Ich donnere wütend meine Faust auf den Tisch, sodass der Korn über den Glasrand schwappt und auf die Tischplatte spritzt. Mein Herz überschlägt sich und meine Atmung geht viel zu schnell, als ich Mile frage: „Was zum Teufel ist dein Problem, hm? Ich gebe mir echt große Mühe, dass es nicht komisch zwischen uns ist, aber du machst alles kaputt!"

Es ist das erste Mal seit einer gefühlten Stunde, dass mich Mile anschaut.

Blitze der Verachtung zucken durch seine Iriden und ein stürmisches Gewitter tobt in seinen Pupillen. Da kämpfen gerade so viele verschiedene Emotionen um die Oberhand, dass mir schwindelig wird.

Wut. Enttäuschung. Hoffnung. Sehnsucht. Angst. Geborgenheit.

„Du machst es schon wieder, Elsie", raunt Mile gefährlich leise.

„Hä?", gebe ich einen unintelligenten Laut von mir. „Was meinst du?"

Er schüttelt frustriert den Kopf. „Du stellst mich als Täter dar und dich selbst als Opfer."

Seine Worte treffen mich wie eine Pfeilspitze mitten im Herzen und lassen es in zwei Teile zerbrechen.

Scheiße! Hat Mile vielleicht Recht? Ich habe mich noch immer nicht für unsere Auseinandersetzung in der Notizen-App entschuldigt. Er hat also jeden Grund, sauer auf mich zu sein.

„Ich ... Das stimmt nicht!", lüge ich in meiner Not.

Sofort verdreht Mile seine Augen und schnaubt abfällig.

Mist! Wenn ich möchte, dass er mir verzeiht, muss ich mich nackt machen. Und damit meine ich nicht, meine Klamotten auszuziehen, sondern ihm mein Herz zu offenbaren.

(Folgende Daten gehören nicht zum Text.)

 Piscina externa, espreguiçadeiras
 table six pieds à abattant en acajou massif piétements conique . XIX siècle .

Es kostet mich meinen ganzen Mut und meine ganze Kraft, die folgenden Wörter laut auszusprechen. „Es tut mir leid, Mile", sage ich so aufrichtig, wie es nur möglich ist. „Ich bin eine egoistische Idiotin, die andere Menschen als Teufel darstellt und sich selbst als Engel."

Ein riesiger Kloß bildet sich in meinem Hals und Übelkeit breitet sich in meinem Magen aus.

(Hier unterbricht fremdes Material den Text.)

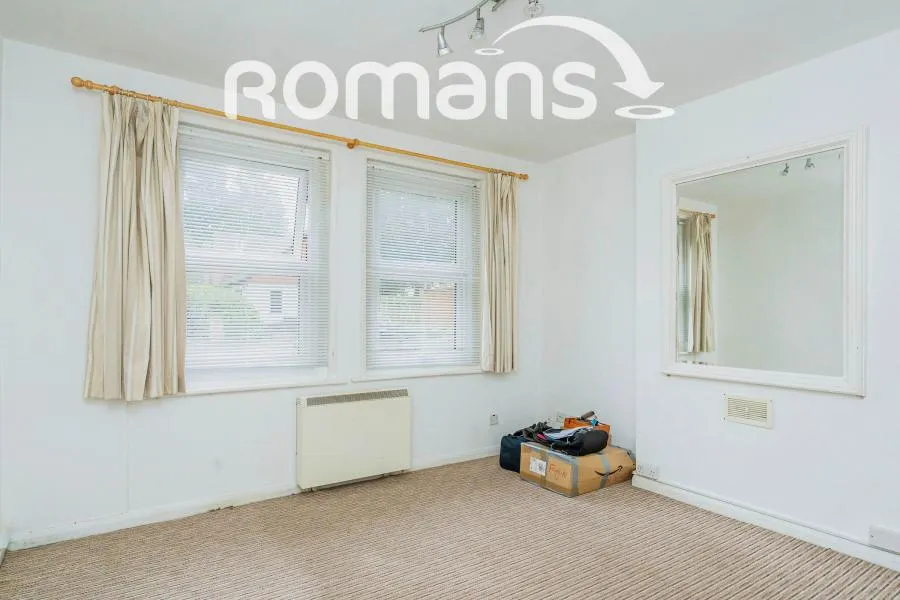 Southwell Park Road, Camberley, GU15, photo 3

Ich könnte jetzt ewig lang um den heißen Brei herumreden, aber eigentlich gibt es nur eine einzige Sache, die Mile wissen muss. Und genau diese eine Sache werde ich ihm jetzt sagen. Wohlwissend, dass sie wie eine Bombe einschlagen wird.

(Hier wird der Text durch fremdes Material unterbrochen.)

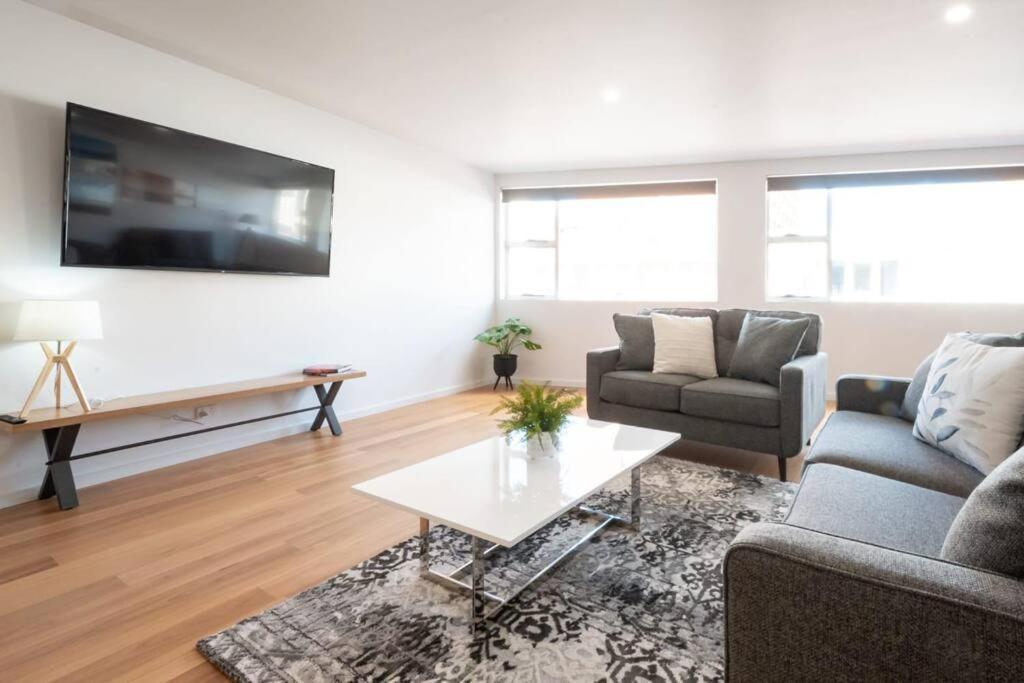 Central Modern 2 Bedroom With Wifi ロンセストン エクステリア 写真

„Weißt du, Mile, ich habe dich auch nie richtig gehasst", beginne ich zögerlich, „aber ich habe es versucht."

„Und warum, Elsie?"

Eine Träne, die mit Schwäche und Panik gefüllt ist, kullert über meine Wange.

„Weil ich Angst davor habe, dich noch mehr zu mögen, als ich es ohnehin schon tue!"